Irish playwright living in Dublin

Jimmy Murphy (born 1962) is an Irish playwright. He is a former writer in residence at NUI Maynooth (2000–01), a member of the Abbey Theatre’s Honorary Advisory Council, a recipient of three Bursaries in literature from the Arts Council/An Chomhairle Ealaíona and was elected a member of Aosdána in 2004 and was elected to its governing body An Toscaireacht in 2025.

== Early life and education ==
Jimmy Murphy was born in 1962 to Irish parents in Manchester, England. When he was six, his family returned to Dublin.

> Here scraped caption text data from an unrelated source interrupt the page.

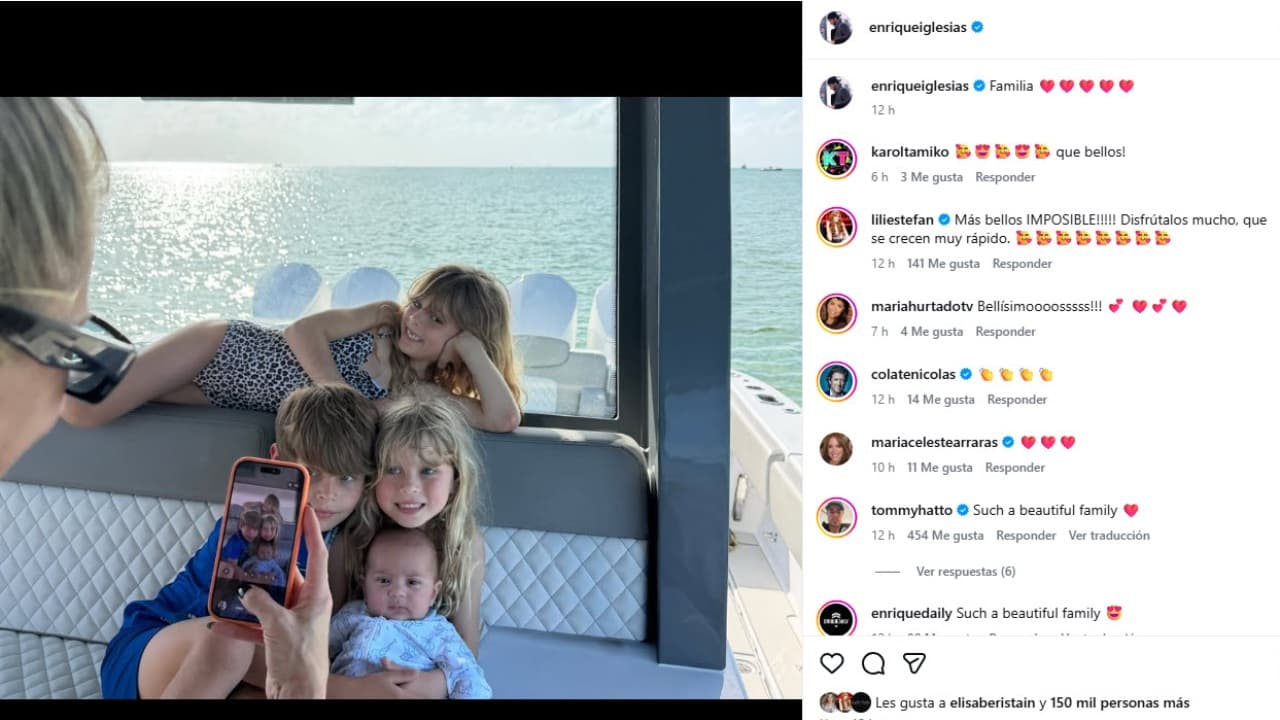 Así de grandes lucen los hijos de Enrique Iglesias y Anna Kournikova.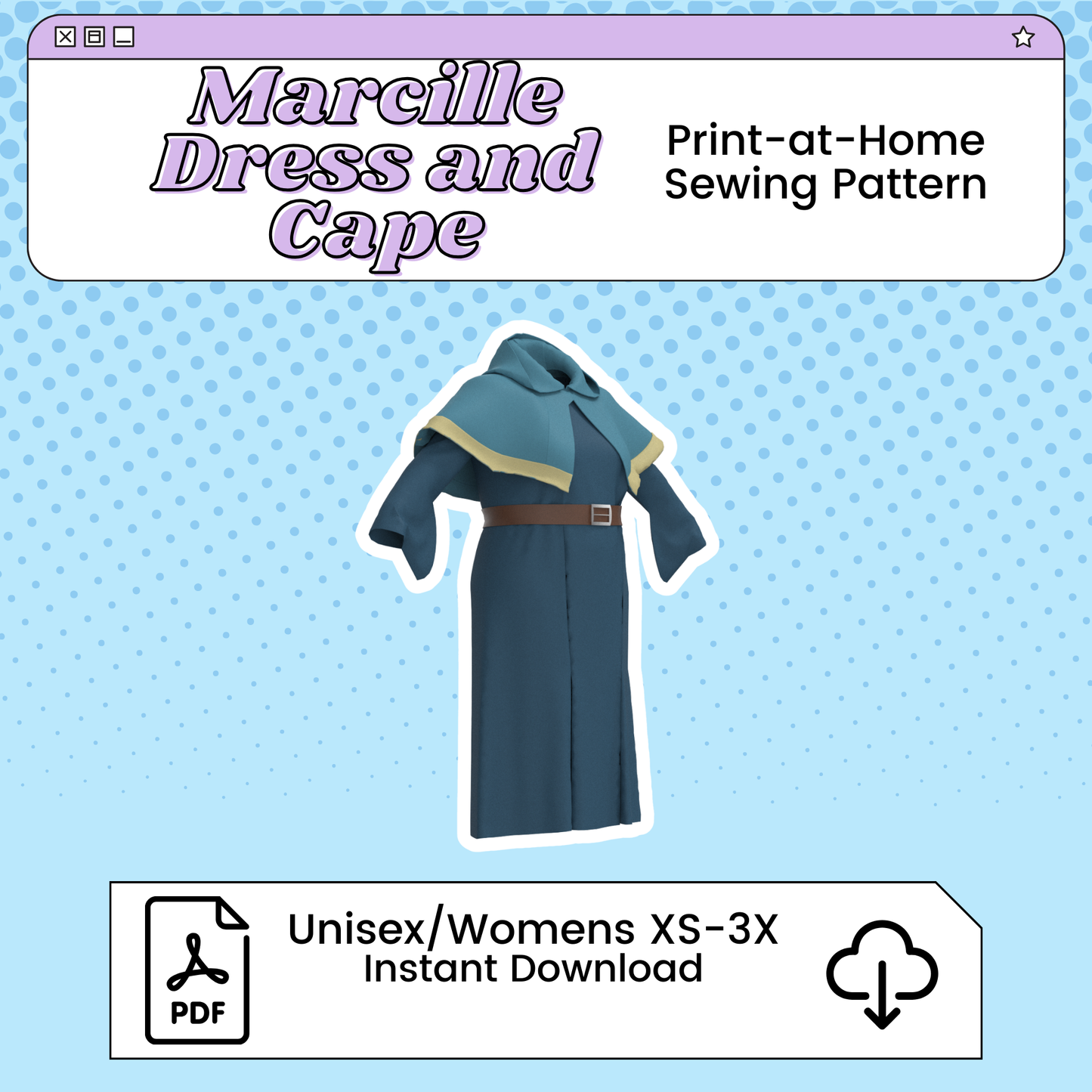 Marcille Donato Dress and Cape PDF Cosplay Pattern | Delicious in Dungeon/Dungeon Meshi Inspired Printable Costume Pattern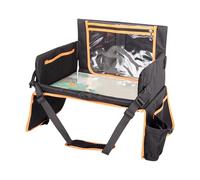 Kids Travel Tray, Car Seat Lap Desk Organizer, Tablet Stand Cup Holder, 40x35x31cm, Gray, 1 Piece, for Toddler Snacks Drawing Bed Airplane Road Trip Entertainment Portable Design Ensures and Organizer
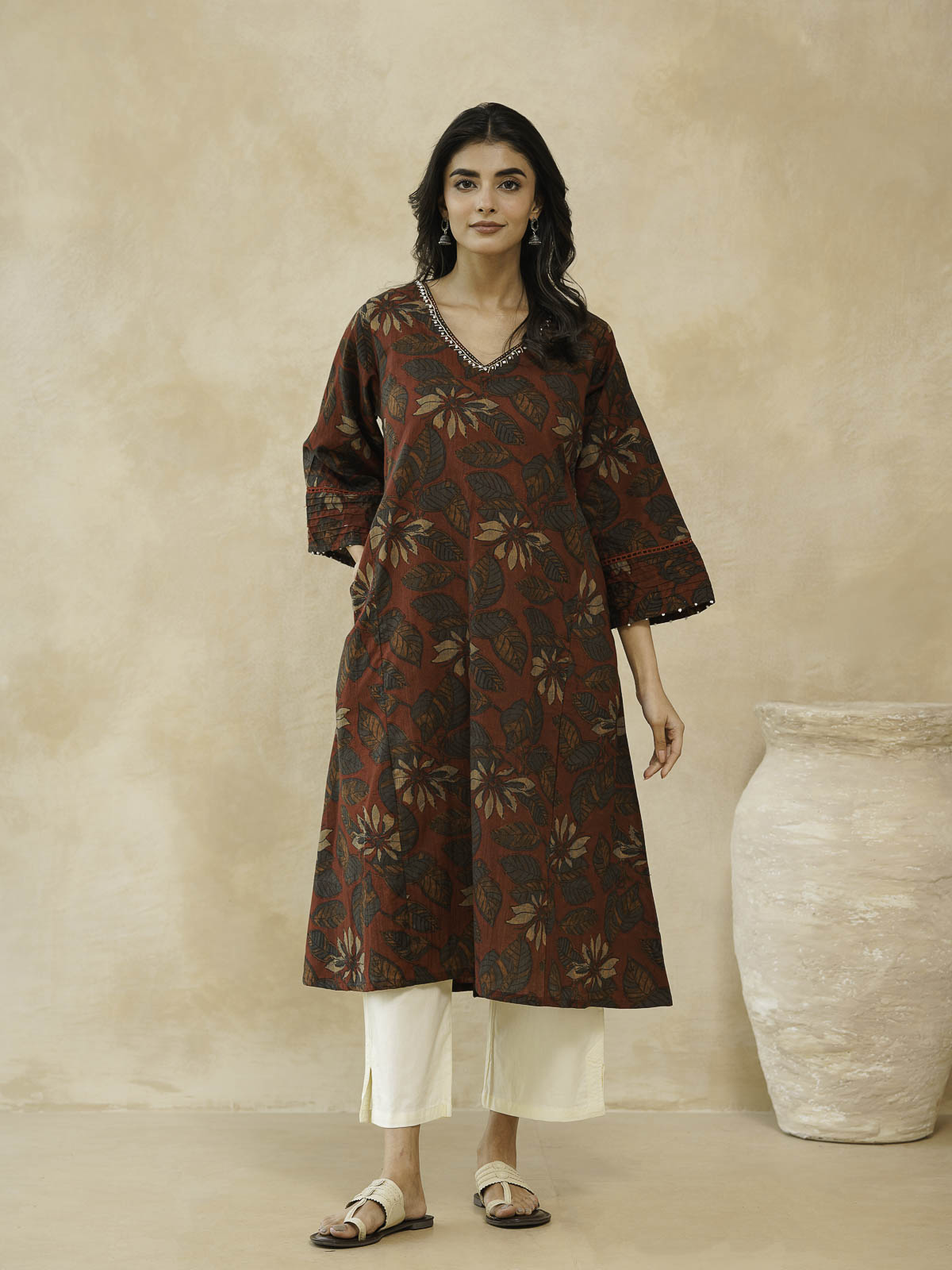 Cotton Printed Ultimate Aline Kurta For Women Red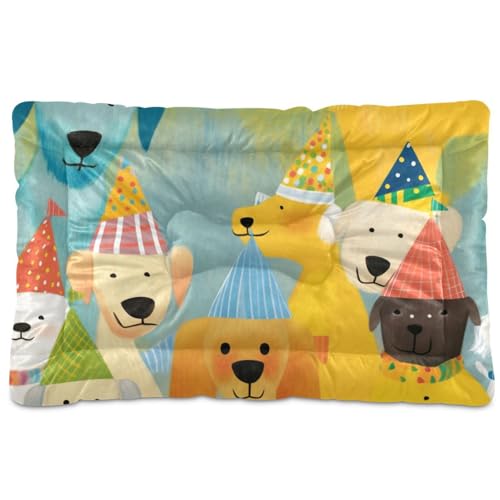 Hundeschlafmatratze für Hunde, Familienparty, Cartoon, niedlich, waschbar, weich, bequem, rutschfeste Unterseite, für große, mittelgroße und kleine Hunde, 91,4 x 61 cm von Yoogain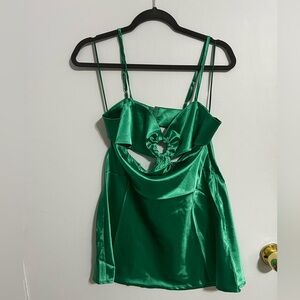 Elegant Green Satin Women's dress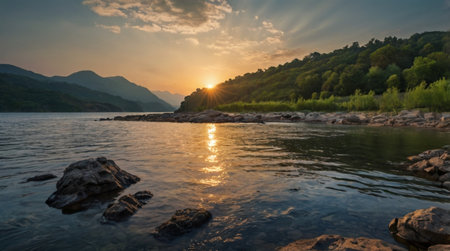 Sunset on the mountain river. Nature composition. Panorama.の写真素材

He first went to school in nearby Inchicore, attending the Oblate Fathers' primary school there, then moved to Ballyfermot, a working-class heartland of suburban Dublin, in his teens. There, he attended secondary school at St. John's De La Salle College. After failing the Irish Intermediate Certificate, he left school to pursue an apprenticeship in painting and decorating, taking his Junior and Senior Irish Trade Certificates, and the City and Guilds of London exams at the Dublin Institute of Technology, Bolton Street.

== Career ==
Murphy's stage plays include Brothers of the Brush (Dublin, The Peacock, Dublin Theatre Festival 1993), which was awarded best new Irish play; A Picture of Paradise (The Peacock, 1997); The Muesli Belt (Dublin, The Abbey Theatre, 2000); Aceldama (Dublin, Andrews Lane Theatre, 1998), The Kings of the Kilburn High Road (Waterford, Red Kettle Theatre Company, 2000), The Castlecomer Jukebox (Red Kettle, 2004) and What's Left of The Flag (Theatre Upstairs @ The Plough 2010), nominated for an Irish Times Best New Play Award. Murphy's last play, with an all-female cast, The Hen Night Epiphany, premiered at The Focus Theatre, Dublin in September 2011 and was published by Oberon Books. It has recently been translated into Hebrew.

The Kings of the Kilburn High Road was revived on a nationwide tour of Ireland in 2016.

Plays for radio include Mandarin Lime (BBC Radio 4, 1995), Peel’s Brimstone (BBC Radio 4, 1995), and "The Jangle of the Keys" (BBC Radio 4 1997). His awards include The Stewart Parker Award in 1994. The play The Kings of the Kilburn High Road was adapted by Tom Collins as the Irish language film Kings, and was selected as Ireland’s entry for the best foreign-language film for the Academy Awards by the Irish Film and Television Academy.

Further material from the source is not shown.